The piece is excerpted from Shields’ Reality Hunger: A Manifesto (2010).

Julian Opie, an artist known for his digitization in visual art, has just launched a beautiful new Web site.

MemoryMiner is a software application that allows for easy image sharing and publishing with a plentiful metadata and commentary. Users quickly import photos, add tags and tag-comments for faces or any area of the image, attach time and location data, and publish to Flickr or a MemoryMiner gallery that keeps much of the desktop application functionality intact. Metadata can be automatically; for example, if GPS data is embedded in the image, as on the iPhone, MemoryMiner can situate the image on a Google Map. Similarly, it can import face-recognition data from iPhoto. Photos can be located by searching for one or more people in the image, location, time, or relative time in a person’s life (e.g. John as a toddler)

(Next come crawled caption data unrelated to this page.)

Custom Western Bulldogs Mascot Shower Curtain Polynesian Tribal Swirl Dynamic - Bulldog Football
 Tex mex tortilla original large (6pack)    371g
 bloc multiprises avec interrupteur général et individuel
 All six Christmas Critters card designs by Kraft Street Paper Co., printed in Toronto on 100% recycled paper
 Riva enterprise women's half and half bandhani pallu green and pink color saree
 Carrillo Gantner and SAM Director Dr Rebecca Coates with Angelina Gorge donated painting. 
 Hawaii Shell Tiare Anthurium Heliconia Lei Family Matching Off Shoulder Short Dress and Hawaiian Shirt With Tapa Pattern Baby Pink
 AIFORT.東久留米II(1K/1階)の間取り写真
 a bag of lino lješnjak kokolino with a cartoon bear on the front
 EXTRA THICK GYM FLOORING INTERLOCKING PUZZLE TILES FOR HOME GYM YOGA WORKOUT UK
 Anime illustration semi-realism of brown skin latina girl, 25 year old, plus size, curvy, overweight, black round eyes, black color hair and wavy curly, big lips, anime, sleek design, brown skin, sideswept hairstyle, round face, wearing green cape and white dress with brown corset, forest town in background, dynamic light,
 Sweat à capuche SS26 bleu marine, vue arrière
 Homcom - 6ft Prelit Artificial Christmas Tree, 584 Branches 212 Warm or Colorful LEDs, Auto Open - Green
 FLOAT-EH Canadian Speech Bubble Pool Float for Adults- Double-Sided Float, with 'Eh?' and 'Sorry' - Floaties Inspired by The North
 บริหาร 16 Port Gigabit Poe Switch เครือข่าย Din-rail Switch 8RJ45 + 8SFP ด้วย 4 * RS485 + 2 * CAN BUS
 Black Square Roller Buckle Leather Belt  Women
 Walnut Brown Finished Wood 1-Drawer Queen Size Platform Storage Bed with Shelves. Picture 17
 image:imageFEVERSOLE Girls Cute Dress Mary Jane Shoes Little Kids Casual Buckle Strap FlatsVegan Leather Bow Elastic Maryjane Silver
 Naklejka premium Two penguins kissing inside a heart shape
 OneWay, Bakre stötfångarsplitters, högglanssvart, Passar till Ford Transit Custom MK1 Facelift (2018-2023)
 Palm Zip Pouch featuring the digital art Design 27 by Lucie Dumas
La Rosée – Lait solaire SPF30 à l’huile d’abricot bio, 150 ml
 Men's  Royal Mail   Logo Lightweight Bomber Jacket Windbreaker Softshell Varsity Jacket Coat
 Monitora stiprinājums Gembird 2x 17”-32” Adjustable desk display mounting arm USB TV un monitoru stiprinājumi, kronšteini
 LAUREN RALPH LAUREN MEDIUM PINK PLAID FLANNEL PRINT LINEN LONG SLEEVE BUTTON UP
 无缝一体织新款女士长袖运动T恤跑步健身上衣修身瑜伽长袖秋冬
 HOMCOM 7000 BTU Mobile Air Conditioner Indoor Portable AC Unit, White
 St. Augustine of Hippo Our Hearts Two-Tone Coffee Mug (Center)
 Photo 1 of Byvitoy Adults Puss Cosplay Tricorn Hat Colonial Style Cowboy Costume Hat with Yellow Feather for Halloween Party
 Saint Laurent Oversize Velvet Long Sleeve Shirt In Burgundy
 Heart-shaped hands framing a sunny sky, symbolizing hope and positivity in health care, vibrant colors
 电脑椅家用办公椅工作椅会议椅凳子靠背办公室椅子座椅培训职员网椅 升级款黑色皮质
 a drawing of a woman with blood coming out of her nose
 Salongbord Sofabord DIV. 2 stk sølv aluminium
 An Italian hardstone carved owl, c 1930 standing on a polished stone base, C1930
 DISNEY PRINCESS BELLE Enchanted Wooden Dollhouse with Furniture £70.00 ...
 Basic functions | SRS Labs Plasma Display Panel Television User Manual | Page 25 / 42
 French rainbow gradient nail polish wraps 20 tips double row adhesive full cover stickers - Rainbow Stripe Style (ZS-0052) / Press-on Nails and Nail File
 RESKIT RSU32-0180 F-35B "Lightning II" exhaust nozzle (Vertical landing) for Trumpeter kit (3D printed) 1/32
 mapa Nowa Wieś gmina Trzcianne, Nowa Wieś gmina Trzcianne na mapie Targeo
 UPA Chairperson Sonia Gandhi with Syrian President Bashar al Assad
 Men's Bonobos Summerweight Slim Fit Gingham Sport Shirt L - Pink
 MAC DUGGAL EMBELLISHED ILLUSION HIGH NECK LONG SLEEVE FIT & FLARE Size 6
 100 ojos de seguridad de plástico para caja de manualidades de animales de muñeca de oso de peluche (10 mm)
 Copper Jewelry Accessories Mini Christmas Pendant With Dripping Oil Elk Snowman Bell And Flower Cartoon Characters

The software bills itself as “Digital Storytelling” software “used to discover the threads connecting peoples’ lives across time and place.” Indeed one could certainly see it as a database of the links between people, times, and places and the natural narratives that emerge from these intersections. It could also provide a useful tool for creating visual hypertext literature that takes advantage of linking people in images, adding text, and using Google Maps for a fun added dimension of realism. A Carmen Sandiego-style mystery immediately comes to mind, however I’m sure a clever author could come up with a very interesting way of using MemoryMiner’s tools to create an immersive narrative experience.